We had lunch and then got two trash bags each. One to collect trash and one to use as a glove. Everything from stale flat bread, to leftover shrimp pizza, went into one of our three bags. Within fifteen minutes we had collected plastic bottles, tissues, bags, discarded children’s shoes, and scraps of paper. Being social media hounds, we posted our findings on Facebook and Twitter. The comments we received on the photos were telling.

“What a great idea,” someone commented. “We do cleanups here in my home state. Wonder if that would work there. Of course it would be Expats to the rescue.”

“I explained to my son about Muslim absolution,” someone else wrote. “And he asked why they litter so much if they’re supposed to be clean.”

I’m not denying that many a time in traffic I’ve been behind someone who has tossed trash out their window. Or that I got into a face off during the recent Sports Day, with a girl and two teenagers (who were likely her cousins or brothers) for tossing a finished soda can onto the green space in the park. These people were all Arabs of some kind. But I could see that they were in my interactions with them. I didn’t assume they were.

The innocuousness of picking up of trash revealed that our friends thought that most of the people who litter in Qatar are Arabs. Maybe they are. Maybe they aren’t. I do know of the twenty or so diving groups I saw that morning, only one of them seemed to be of Arab origin. In the four hours we were there, the majority of the people on the beach there were expats.

Switch to another big cause for me these days: children without seat belts, riding in the front seat or standing up in the backseats of cars. I started taking photos of these darlings last week at red lights. Again some of the comments revealed that everyone thinks this practice is done by Arabs. Even though the first photo was of an Asian looking child in the arms of his mother, showing me his toys through the open passenger side window, the association people had was that Arabs are the primary violator.

What struck me about both these instances is that assumptions about behavior based on nationality seems to come to the forefront immediately. Nationality and “why doesn’t the government do something” are knee jerk reactions to what we would otherwise consider civic responsibilities. Maybe it’s a system that pays people based on their passports – not their merit – that is to blame for the root of this ethnic divide.

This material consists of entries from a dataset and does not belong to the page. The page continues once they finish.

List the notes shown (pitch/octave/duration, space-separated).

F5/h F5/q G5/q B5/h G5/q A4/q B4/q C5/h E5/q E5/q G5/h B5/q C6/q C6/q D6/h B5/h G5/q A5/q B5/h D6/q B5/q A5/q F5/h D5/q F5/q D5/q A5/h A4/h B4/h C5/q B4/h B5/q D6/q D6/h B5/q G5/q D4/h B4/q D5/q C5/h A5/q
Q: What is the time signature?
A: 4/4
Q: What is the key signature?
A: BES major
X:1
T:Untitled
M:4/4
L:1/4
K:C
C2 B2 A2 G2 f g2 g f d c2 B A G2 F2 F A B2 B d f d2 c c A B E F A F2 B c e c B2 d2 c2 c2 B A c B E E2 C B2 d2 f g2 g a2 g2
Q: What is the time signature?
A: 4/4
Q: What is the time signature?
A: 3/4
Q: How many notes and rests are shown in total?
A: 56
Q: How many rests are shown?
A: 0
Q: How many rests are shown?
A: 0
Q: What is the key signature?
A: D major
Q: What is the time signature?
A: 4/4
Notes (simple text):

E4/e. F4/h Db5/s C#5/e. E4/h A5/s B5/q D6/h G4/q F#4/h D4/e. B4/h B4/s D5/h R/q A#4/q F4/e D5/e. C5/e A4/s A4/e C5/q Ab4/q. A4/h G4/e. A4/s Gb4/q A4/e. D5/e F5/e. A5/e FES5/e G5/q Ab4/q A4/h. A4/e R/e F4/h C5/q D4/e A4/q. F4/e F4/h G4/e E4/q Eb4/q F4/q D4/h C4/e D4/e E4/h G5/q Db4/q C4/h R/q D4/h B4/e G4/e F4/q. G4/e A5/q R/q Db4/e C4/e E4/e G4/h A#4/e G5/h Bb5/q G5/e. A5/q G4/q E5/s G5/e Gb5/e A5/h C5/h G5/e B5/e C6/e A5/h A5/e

For the same job, it’s completely legal for companies to pay different wages to Egyptians versus Sri Lankans versus Americans. Is this where the root of mistrust begins?

I’ve been inspired by these instances to not wait for the civil authorities to decide to address the issue. After all their attempts to encourage recycling and better driving have not proved entirely successful. Rather than continuously looking to others, I’m interested in the power of individuals. Why can’t every person who sees trash on the beach pick some up? Not every piece, but whatever they have time for?

And every parent who sees someone riding without a seat belt, encourage them to use one?

In a place like Qatar, where mistrust abounds between groups, expat and national, Arabs and non-Arabs, it would be nice if we as expats could do something positive to give back to these communities which are our temporary homes.

Instead of always complaining about not being invited into Qatari homes, or never experiencing Qatari hospitality, could we pick up trash, regardless of who left it? Could we talk about the importance of child car seats? After all, we assume a certain cultural superiority when we say that littering is wrong, knowing we come from countries where this behavior is fined.  Ditto for children in car seats or seat belts.

Maybe we wouldn’t be ‘better’ people or more civilized if we didn’t have our home governments governing our civic actions.

What would we do if we didn’t have to? Who are we when laws aren’t enforced? These are the questions echoing in my head.